### EXERCISE GOAL
In this exercise, retype exactly and only the lines from the top of the entries below through the line that holds "Leopard Print Ladys", omitting pictures.

(Data entries)
++++

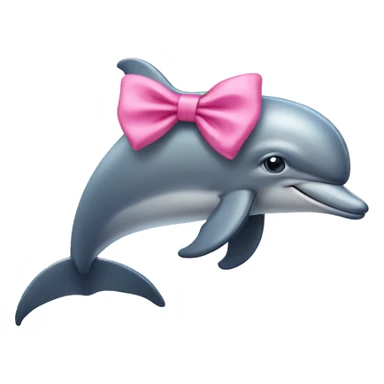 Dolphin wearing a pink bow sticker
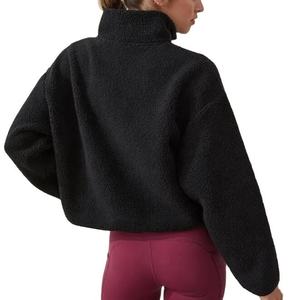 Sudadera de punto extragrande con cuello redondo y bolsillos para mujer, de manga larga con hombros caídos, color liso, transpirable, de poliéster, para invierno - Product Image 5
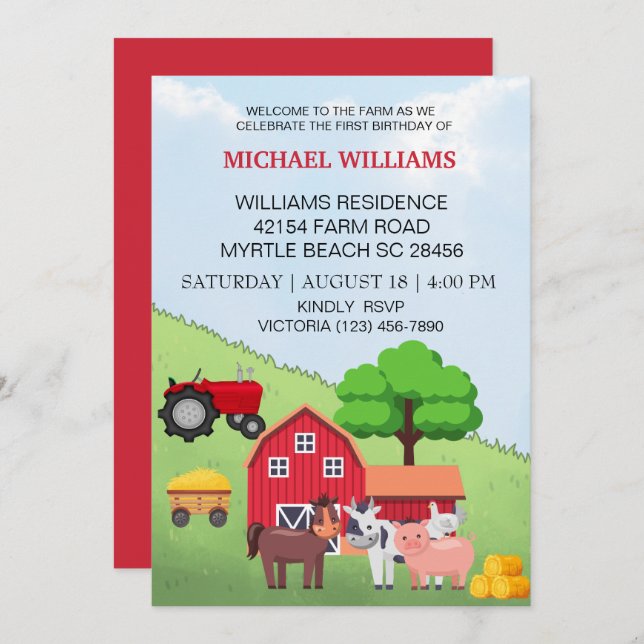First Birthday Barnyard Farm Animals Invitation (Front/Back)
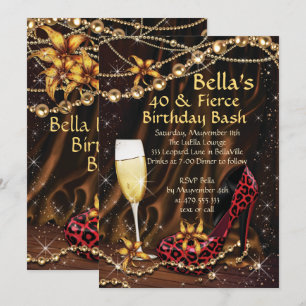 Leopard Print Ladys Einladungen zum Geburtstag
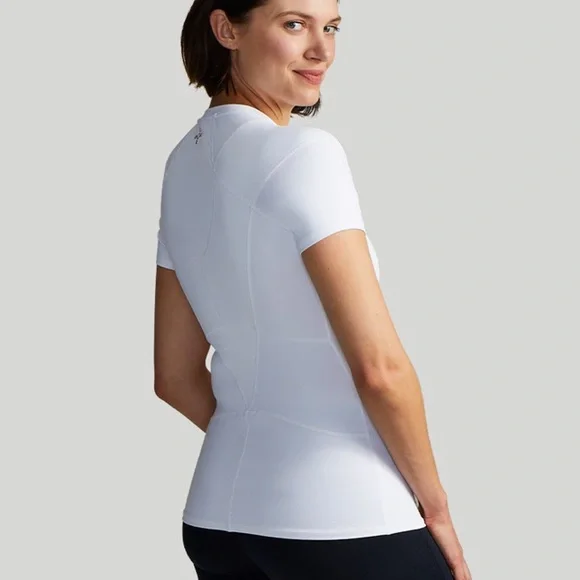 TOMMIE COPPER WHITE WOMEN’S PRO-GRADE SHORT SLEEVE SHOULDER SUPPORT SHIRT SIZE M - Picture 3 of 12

++++

### COMPLETED EXERCISE
 Dolphin wearing a pink bow sticker
 Sudadera de punto extragrande con cuello redondo y bolsillos para mujer, de manga larga con hombros caídos, color liso, transpirable, de poliéster, para invierno - Product Image 5
First Birthday Barnyard Farm Animals Invitation (Front/Back)
 Leopard Print Ladys Einladungen zum Geburtstag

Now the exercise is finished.